Task item: Start at the line with "RUOSWTE 10'' Handmade" and print every line through the end of the material below. Keep it exact and free of pictures.

Source data:
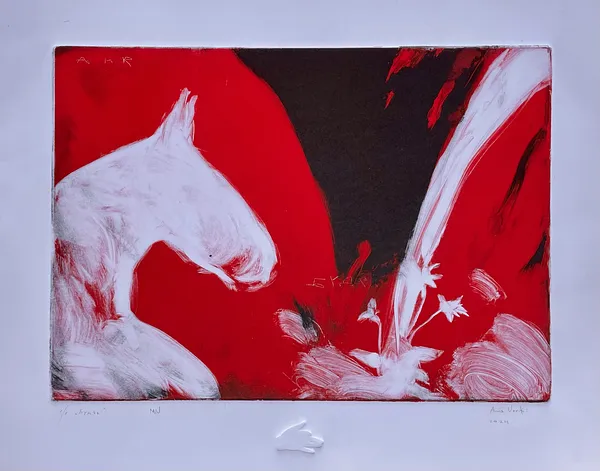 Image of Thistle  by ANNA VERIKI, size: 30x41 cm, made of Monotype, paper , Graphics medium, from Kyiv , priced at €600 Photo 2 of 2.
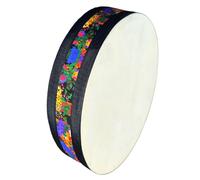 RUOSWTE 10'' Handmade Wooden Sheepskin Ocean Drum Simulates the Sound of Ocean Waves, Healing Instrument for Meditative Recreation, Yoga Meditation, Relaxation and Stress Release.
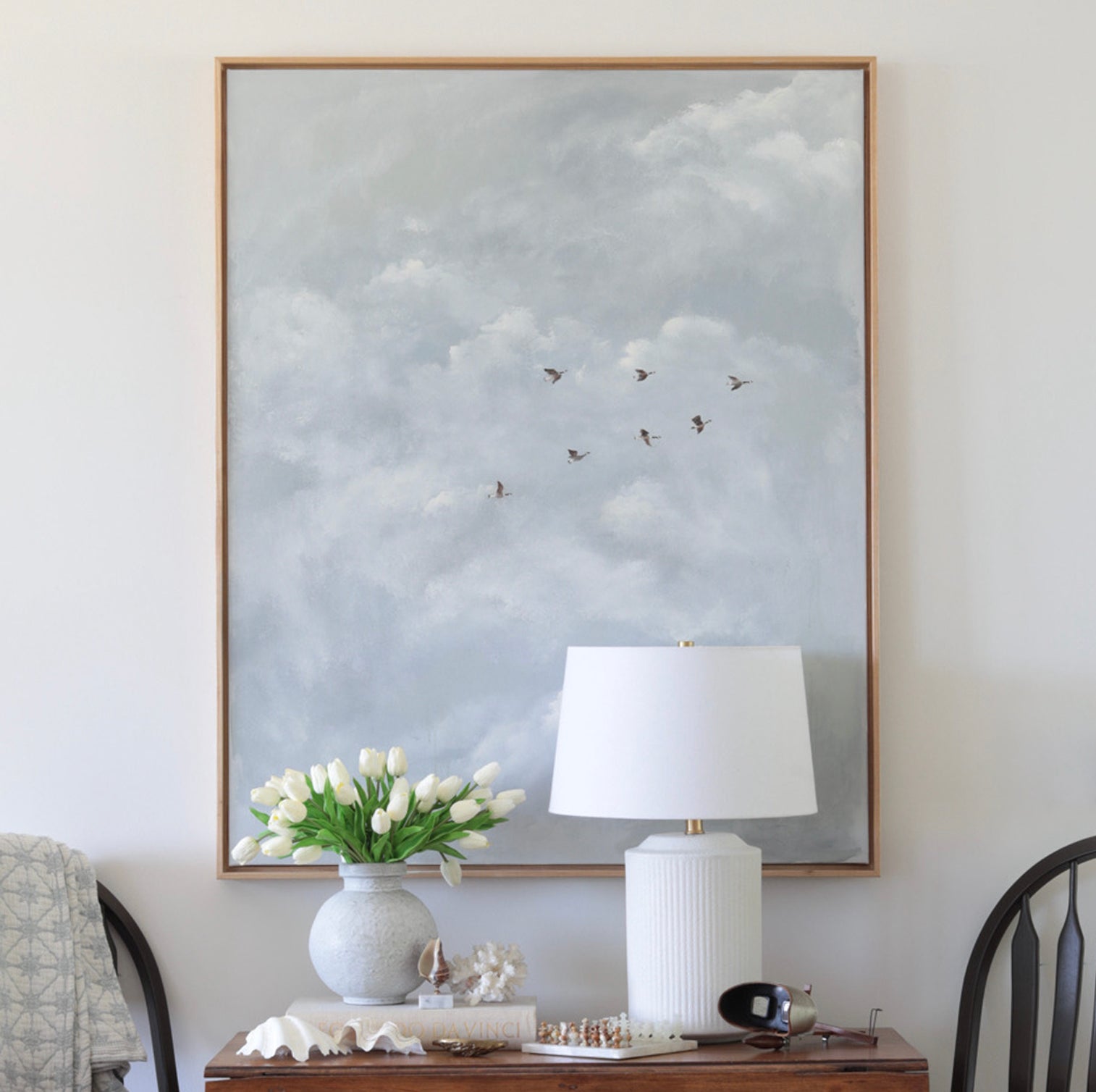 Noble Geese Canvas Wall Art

Answer to this exercise:
 RUOSWTE 10'' Handmade Wooden Sheepskin Ocean Drum Simulates the Sound of Ocean Waves, Healing Instrument for Meditative Recreation, Yoga Meditation, Relaxation and Stress Release.
 Noble Geese Canvas Wall Art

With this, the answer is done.